Structured extraction is not one task. It is two tasks competing for the same attention budget. Task A: attend to the input text to find entity names. Task B: attend to the output schema to generate valid JSON with the correct keys and enum values. In a transformer, every output token is produced by computing attention over all input tokens plus all previously generated output tokens.
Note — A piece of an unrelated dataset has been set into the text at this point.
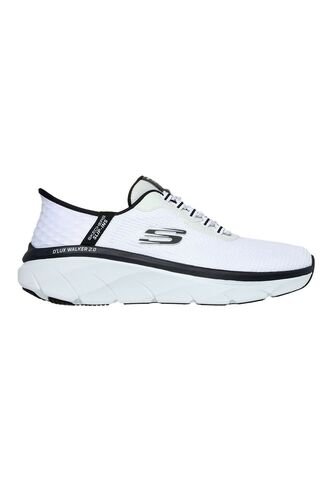Tenis Skechers Hombre Dlux Walker 2.0-Rezinate - Blanco - Ne Skechers
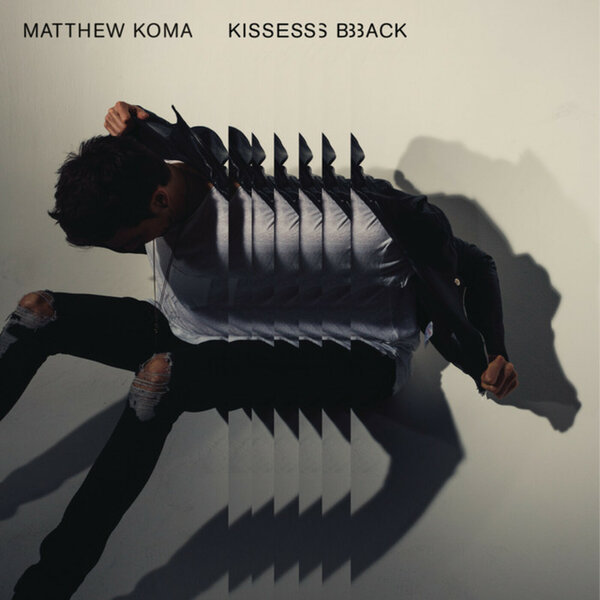 Cover for Kisses Back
When the model is generating {"name": "Ishmael", "role": "protagonist"}, it must simultaneously hold the position of "Ishmael" in the input and the schema constraint that "role" must be one of {"protagonist", "antagonist", "supporting"}.
At 500 input tokens, the model computes attention over ~600 positions per output token (500 input + 100 output so far). Each input position gets an average attention weight of 1/500 = 0.002. At 8,000 input tokens, the model computes attention over ~8,100 positions per output token. Each input position gets an average attention weight of 1/8000 = 0.000125. The model has 16 times less attention resolution to pinpoint a specific entity mention in the input.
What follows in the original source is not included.